Do solar panels need direct sunlight to work?
No. Energy Saving Trust says solar panels still work on cloudy days, although output is lower than in bright sunshine. They depend on daylight, not only on direct sun.
What does a solar inverter do?
It converts the direct current electricity from the panels into alternating current for household use. It is a core part of the system and also affects monitoring and future battery compatibility.
Do solar panels power the house first or export first?
They power the home first. Only the surplus is exported or stored in a battery if you have one.

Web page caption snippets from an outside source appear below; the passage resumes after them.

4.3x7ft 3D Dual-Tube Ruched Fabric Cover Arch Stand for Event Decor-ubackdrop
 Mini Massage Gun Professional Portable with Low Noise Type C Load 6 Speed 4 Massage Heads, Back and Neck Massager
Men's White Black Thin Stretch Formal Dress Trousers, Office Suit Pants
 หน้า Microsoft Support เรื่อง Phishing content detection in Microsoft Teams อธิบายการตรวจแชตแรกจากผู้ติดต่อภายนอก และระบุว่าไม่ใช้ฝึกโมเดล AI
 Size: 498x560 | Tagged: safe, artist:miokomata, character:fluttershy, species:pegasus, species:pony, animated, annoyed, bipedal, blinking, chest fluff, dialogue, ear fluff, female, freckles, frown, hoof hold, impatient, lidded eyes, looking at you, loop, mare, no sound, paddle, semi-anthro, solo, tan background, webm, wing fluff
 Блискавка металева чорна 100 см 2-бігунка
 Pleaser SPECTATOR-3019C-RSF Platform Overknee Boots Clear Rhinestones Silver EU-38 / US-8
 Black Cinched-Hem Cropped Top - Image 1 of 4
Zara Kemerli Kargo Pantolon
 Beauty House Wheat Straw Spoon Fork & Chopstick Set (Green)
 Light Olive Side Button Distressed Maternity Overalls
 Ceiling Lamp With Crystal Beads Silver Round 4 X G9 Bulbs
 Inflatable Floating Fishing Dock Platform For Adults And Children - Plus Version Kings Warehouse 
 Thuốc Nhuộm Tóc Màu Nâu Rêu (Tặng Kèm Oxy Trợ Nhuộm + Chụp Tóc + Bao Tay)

Can solar panels work with a heat pump?
Yes, and often very well. Because a heat pump uses electricity, solar can offset part of its demand and improve the economics of electric heating over time.
The information in this article is for general guidance only and does not constitute financial, legal, or technical advice. Energy savings estimates are based on typical UK household data from the Energy Saving Trust and Ofgem (April 2026 price cap). Actual savings depend on your property type, insulation levels, energy usage patterns, and electricity tariff. The Boiler Upgrade Scheme (BUS) grant of £7,500 is subject to eligibility criteria set by Ofgem — not all properties qualify. Electromatic M&E Ltd operates under MCS certification via an accredited umbrella partner. All installations comply with Building Regulations Part L and MCS standards. E&OE.
Written by Electromatic M&E Ltd — ASHP & Solar installer, London & Surrey (electromatic.uk)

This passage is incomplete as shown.